# Recognizing Brand & Models

In [1]:
import pandas as pd

In [2]:
models = pd.read_csv('models.csv', header = None, names = ['Brand', 'Model'])

**Delete Duplicates**

In [3]:
models['Brand'] = models['Brand'].str.lower()
models['Model'] = models['Model'].str.lower()
models['Combined'] = (models['Brand'] + ' ' + models['Model'])
models['Combined'] = models['Combined'].str.replace('[\s\-,._]', '', regex = True)
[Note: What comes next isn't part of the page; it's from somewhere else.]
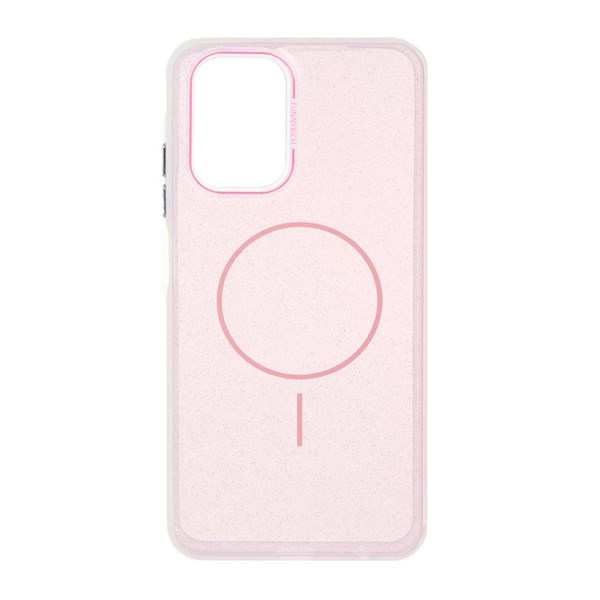 قاب اکلیلی Funnyrich طرح مگ سیف دور مات Xiaomi Redmi Note 10 4G / Redmi Note 10S / Poco M5S - صورتی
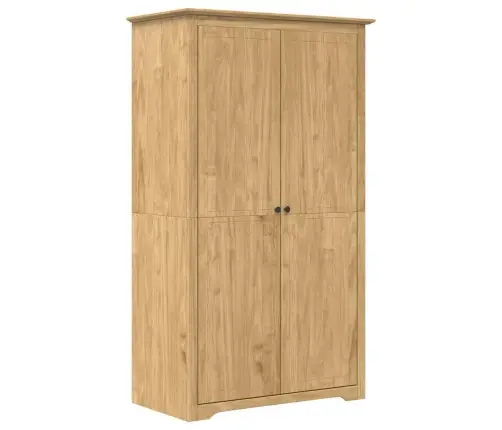 Garderoobikapp Bodo Meepruun 53,5 X 99 X 173 Cm Tehispuit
unique_model = models.drop_duplicates(subset = 'Combined')
unique_model = unique_model.drop(columns = ['Combined'])

**Check Brand list**

In [4]:
brand = unique_model['Brand'].unique().tolist()
print(brand)

['acura', 'audi', 'bmw', 'buick', 'cadillac', 'car', 'chevrolet', 'chrysler', 'dodge', 'ford', 'honda', 'hyndai kia', 'hyundai', 'hyundai,', 'infiniti', 'kia', 'lincoln', 'mazda', 'mercedes', 'mercury', 'mitsubishi', 'nissan', 'nissan.', 'pontiac', 'problem', 'saturn', 'seat', 'sedan', 'subaru', 'suzuki', 'toyata', 'toyota', 'volkswagen', 'volkwagen', 'volvo']


**Notice weird brands:**

- _hyundai kia_, _car_, _problem_, _seat_ should be deleted
- _hyndai kia_ should be _hyundai_
- _hyundai,_ and _nissan._ should not have ',' and '.'.
- _toyata_ should be _toyota_
- _volkwagen_ should be _volkswagen_

In [5]:
new_model = unique_model[~unique_model['Brand'].isin(['hyundai kia', 'car', 'problem', 'seat'])]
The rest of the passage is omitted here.